Schema
designing for the warehouse is a very crucial task for an architect and data
modeler. There are two well established design patterns for warehouse schema.
First one is the Star Schema
and other one is the Snowflake
Schema. Both have their own advantages, disadvantages and design life cycle.
This paper highlights top 5 considerations while designing a snow flake dimension.
This paper highlights top 5 considerations while designing a snow flake dimension.
1.
Different
Granularity of Facts is one of the primary reasons for snow
flaking. When a dimension cuts two different fact tables in different level of
hierarchies or two different grains that can be considered as must snow flake
scenario. For instance let us take a dimension DimCustomer containing personal
details and the address which is geography information like city, state country
etc. and there is another dimension DimStore containing basic vendor
information along with geographical details. Let us assume one transactional
fact FactSales which can be analyzed at Store, Geography and Customer level. So
here the fact table contains 2 different grains of customer i.e. Customer and
Geography and two different grains from Store i.e. Store and Geography.
Geography being common should be snow flaked from both the dimensions.
2.
Sparsity in
the Dimension mostly is the data modelers view point. Many times
we have seen that the developer merge these type of snow flaked dimensions into
primary dimensions due to the data availability or code management at later
point in project lifecycle. Let us consider a dimension DimProduct which
contains large number of fields (columns) and most of the values are optional
hence they are either populated to Unknown values or kept null. So these type
of sparse fields are collected together to create another snow flaked
dimensions. The result is simple that the primary dimension contains soiled
values and very less number of unknowns.
3.
Monster Dimensions
are an interest point for architects/developers struggling to get good
performance of the queries. Here we consider the number of records for the snow
flaking. If the number of records are enormous than we divide them into snow
flake.

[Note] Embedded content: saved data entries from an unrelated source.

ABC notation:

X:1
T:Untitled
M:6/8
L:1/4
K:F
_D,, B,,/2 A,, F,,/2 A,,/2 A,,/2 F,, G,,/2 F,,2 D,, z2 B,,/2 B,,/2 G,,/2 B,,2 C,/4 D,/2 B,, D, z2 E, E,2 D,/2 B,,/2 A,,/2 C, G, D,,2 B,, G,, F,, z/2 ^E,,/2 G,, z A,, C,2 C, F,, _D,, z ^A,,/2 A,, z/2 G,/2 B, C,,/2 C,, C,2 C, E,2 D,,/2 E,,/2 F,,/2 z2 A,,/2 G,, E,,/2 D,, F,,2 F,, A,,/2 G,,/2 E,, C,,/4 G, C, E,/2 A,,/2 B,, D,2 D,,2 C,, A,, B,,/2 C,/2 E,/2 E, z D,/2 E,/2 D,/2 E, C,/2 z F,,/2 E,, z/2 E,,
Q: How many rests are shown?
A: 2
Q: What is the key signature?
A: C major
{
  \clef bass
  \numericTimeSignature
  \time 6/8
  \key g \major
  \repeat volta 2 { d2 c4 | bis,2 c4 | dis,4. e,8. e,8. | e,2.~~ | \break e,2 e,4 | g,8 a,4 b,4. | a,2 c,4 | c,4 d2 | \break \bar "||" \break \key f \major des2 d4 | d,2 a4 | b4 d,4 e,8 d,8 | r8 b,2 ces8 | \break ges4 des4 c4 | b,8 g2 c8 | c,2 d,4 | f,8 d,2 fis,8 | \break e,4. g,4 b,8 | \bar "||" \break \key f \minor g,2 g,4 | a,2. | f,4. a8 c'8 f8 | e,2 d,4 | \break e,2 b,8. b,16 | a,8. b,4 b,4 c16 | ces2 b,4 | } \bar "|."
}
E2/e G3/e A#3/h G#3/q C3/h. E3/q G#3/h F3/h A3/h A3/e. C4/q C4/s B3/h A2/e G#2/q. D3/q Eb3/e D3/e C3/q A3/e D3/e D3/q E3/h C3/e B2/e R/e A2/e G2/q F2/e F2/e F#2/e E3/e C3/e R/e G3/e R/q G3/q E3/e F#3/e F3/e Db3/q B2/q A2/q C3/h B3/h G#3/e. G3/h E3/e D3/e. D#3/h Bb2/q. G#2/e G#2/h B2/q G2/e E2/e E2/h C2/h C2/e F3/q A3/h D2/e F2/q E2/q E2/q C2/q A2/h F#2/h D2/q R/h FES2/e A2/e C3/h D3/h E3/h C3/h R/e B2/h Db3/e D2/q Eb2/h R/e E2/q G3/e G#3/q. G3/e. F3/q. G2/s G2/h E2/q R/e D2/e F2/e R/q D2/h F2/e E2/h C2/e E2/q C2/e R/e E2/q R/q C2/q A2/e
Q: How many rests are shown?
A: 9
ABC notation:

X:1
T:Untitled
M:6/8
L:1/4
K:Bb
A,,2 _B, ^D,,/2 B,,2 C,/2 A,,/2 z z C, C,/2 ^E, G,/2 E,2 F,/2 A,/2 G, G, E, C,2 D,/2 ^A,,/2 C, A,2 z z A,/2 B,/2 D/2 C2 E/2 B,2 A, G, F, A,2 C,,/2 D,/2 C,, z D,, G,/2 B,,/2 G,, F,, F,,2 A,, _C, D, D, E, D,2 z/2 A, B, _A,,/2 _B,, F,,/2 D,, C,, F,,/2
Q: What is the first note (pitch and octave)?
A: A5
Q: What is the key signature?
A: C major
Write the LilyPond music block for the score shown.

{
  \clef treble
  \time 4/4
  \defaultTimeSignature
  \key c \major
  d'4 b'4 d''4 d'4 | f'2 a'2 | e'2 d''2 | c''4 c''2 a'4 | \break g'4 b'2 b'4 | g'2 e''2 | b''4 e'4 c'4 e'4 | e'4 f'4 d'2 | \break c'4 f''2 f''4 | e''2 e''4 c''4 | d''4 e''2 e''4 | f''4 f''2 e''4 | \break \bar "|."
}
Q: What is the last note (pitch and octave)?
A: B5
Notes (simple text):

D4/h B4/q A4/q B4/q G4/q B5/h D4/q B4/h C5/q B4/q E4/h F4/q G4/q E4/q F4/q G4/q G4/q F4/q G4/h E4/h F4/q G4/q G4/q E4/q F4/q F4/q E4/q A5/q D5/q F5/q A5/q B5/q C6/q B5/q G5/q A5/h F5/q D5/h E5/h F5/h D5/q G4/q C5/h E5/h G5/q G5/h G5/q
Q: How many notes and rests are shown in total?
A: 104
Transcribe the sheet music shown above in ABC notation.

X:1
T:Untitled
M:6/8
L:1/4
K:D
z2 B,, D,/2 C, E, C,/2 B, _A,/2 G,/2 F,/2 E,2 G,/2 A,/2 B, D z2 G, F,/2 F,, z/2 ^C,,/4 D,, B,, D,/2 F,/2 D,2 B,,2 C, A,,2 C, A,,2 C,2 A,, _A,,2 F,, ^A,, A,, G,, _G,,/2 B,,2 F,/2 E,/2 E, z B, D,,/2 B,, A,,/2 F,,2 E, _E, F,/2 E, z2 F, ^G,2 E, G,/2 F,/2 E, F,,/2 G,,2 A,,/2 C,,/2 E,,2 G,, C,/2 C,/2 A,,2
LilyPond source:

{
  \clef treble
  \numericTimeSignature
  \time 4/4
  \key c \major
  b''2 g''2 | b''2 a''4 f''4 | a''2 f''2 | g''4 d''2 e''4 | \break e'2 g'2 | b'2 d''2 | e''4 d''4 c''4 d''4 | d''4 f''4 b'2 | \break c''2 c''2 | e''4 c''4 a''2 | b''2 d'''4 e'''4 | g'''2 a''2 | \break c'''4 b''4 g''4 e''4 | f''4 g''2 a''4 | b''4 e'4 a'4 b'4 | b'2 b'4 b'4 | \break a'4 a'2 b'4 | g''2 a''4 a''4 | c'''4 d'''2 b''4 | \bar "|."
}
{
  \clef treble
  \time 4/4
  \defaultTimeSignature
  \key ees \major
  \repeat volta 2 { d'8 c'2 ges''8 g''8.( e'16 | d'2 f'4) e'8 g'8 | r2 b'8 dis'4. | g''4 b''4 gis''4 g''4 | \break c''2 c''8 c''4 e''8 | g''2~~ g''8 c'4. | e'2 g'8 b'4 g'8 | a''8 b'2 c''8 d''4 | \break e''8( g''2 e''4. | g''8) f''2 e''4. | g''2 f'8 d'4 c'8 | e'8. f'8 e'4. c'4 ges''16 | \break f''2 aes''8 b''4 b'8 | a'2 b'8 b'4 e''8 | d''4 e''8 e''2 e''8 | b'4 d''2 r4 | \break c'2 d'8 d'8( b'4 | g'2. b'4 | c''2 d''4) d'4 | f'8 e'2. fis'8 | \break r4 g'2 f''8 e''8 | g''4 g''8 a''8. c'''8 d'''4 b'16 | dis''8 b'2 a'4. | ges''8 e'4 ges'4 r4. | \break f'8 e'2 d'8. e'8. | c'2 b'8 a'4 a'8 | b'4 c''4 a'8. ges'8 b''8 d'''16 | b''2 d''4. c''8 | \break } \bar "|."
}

Another reason for monster dimensions can be fast changing dimensions
and can be solved by mini dimensions but this is not the scope of current
document. Let us take example of a date dimension i.e. DimDate containing
information till seconds. Here if we store data for 20 years the number of
records in the date dimension will be around 630,720,000(20*365*24*60*60) which
is large and difficult to manage. So it can be snow flake as DimDate containing
data till date i.e. 7300(365*20) and DimTime with 86400 (24*60*60) records.
Most of the times data modelers do not prefer to have snow flaking due to
monster dimensions but practically it is very useful and manageable.
4.
Reporting
Needs considerations are to ease the complexity of queries
attracting interest of architects/developers. Let us understand this with an example.
The requirement is to have a report which will have Product Name and Product
Category as the user selection list and list has to show all the categories.
Here if we will de-normalize the structure to have one DimProduct than it will
only have the Categories for which we have the products. This leads to the
requirement inconsistency and again snow flake design serves as rescue boat.
This point is mostly requirement driven and to ease some of the queries.
Although from the data modeler and the higher level architect viewpoints do not
support this design many times but it really is very handy.
5.
Technical
Considerations/Constraints is part of the data modeler and the
architect viewpoint but ironically it is most unseen part of it. Every database
has some limits for storing data e.g. SQL Server have a limit of 8060
bytes per row or 1024 columns per non wide table. If we have a dimension
violating this kind of limits then we have to do the vertical partitioning and snowflake
can be one of the solution. We can achieve the same by dividing into two
primary dimensions but the better approach will be to snow flake. This snow
flaking need is bit different because both primary and secondary dimension will
be at same level and will be serving the same grains.
Most of the
times we have seen hybrid approach of the schema where some of the dimensions
will be snow flaked. Choosing schema and driving solution architecture contains
many other considerations but the target should be towards star for two primary
reasons one - fast query results and two – better usability for the business
users.